### Task to carry out
Line by line, copy the entries exactly, excluding the pictures.

### Extracted data

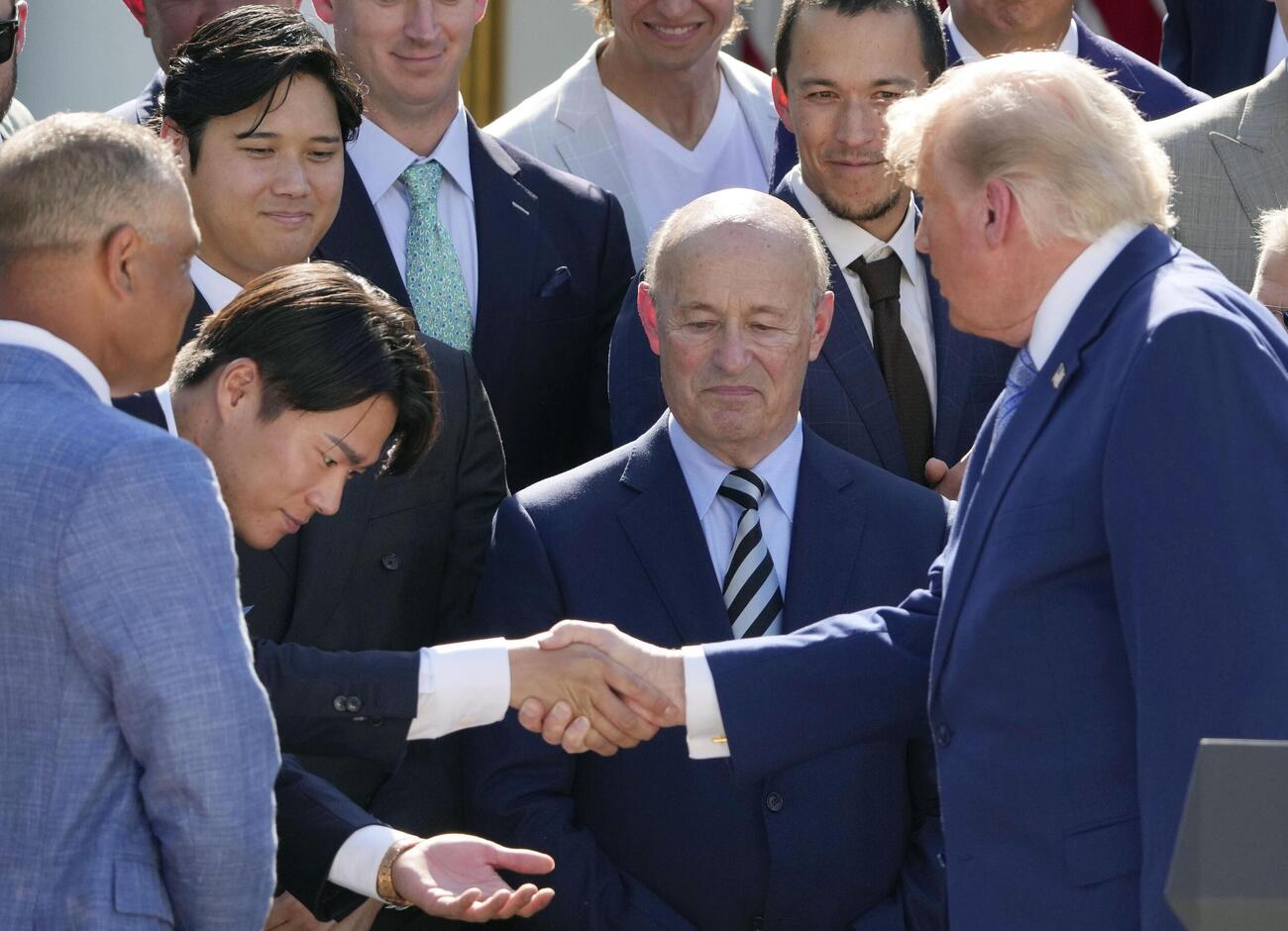 ホワイトハウスにトランプ大統領（前列右端）を表敬訪問し、握手を交わす米大リーグ、ドジャースの山本由伸（同左から2人目）。左奥は大谷翔平＝ワシントン（AP＝共同）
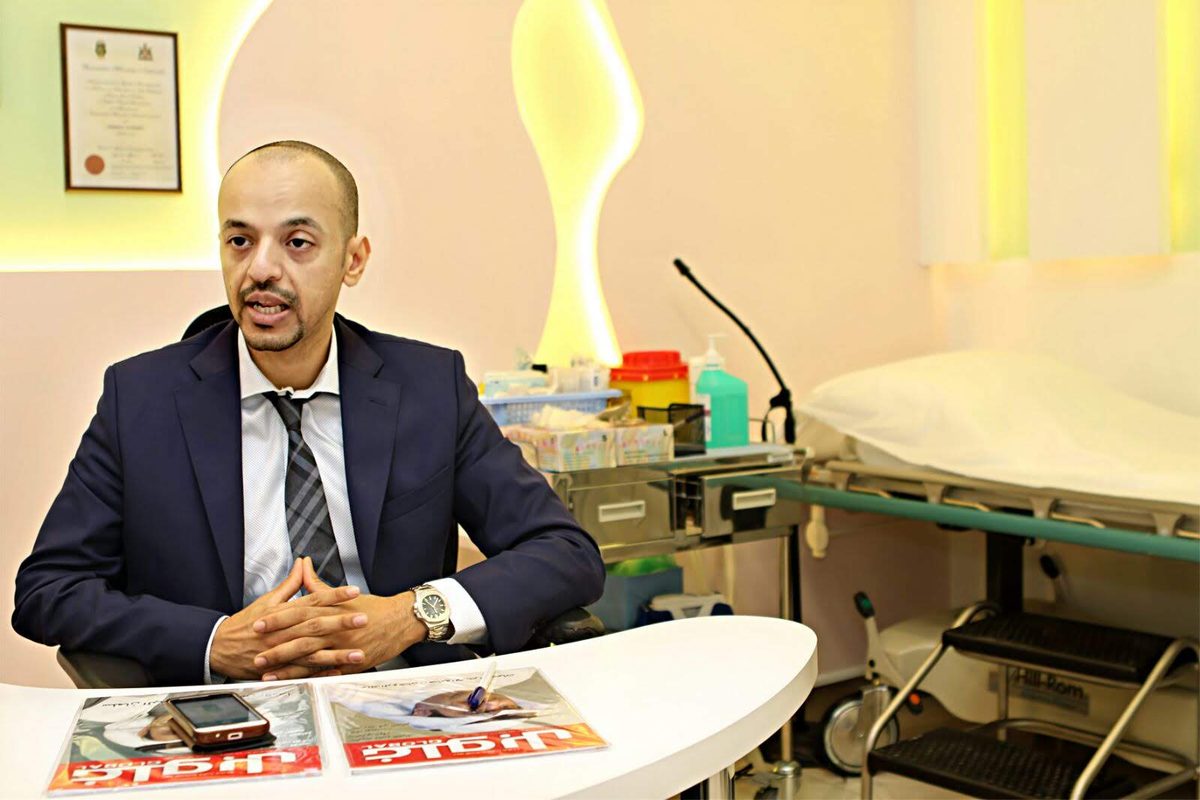 د. عبدالعزيز الراشد في غرفة الكشف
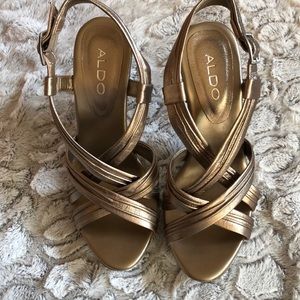 Aldo Gold Heels “Kaveney”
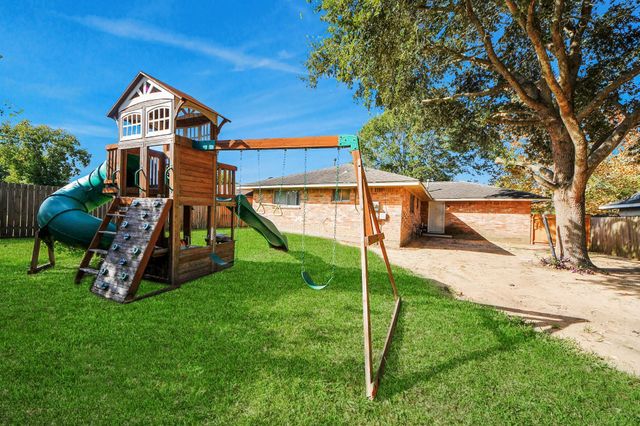 11915 Binghampton Drive, Houston, TX 77089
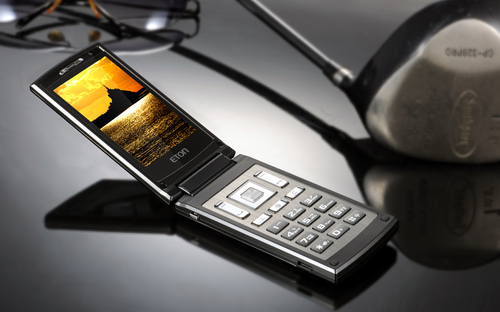 双屏双触,视界无疆——eton大气l678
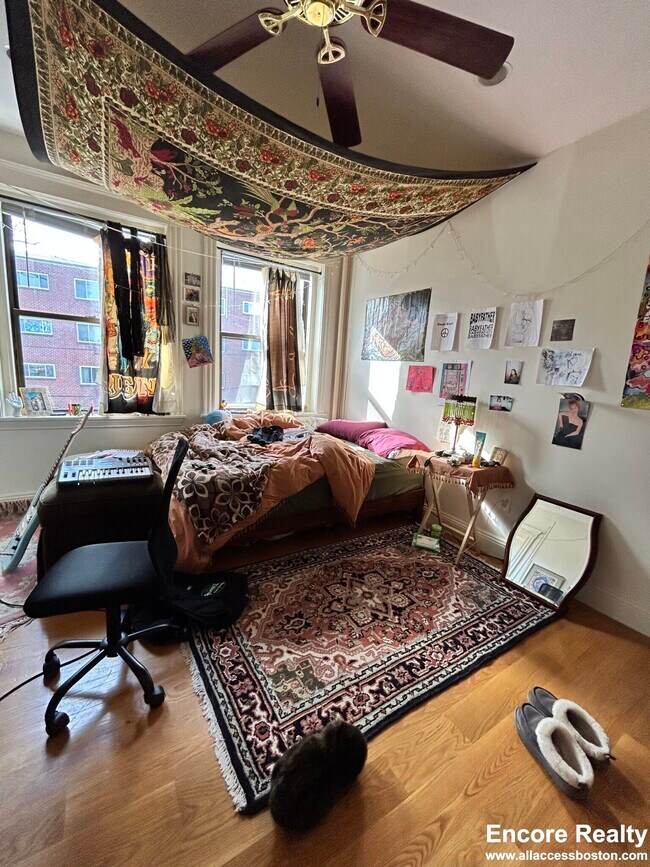 Photo - 240 Kelton St Unit 7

### Problem solution
 ホワイトハウスにトランプ大統領（前列右端）を表敬訪問し、握手を交わす米大リーグ、ドジャースの山本由伸（同左から2人目）。左奥は大谷翔平＝ワシントン（AP＝共同）
 د. عبدالعزيز الراشد في غرفة الكشف
 Aldo Gold Heels “Kaveney”
 11915 Binghampton Drive, Houston, TX 77089
 双屏双触,视界无疆——eton大气l678
 Photo - 240 Kelton St Unit 7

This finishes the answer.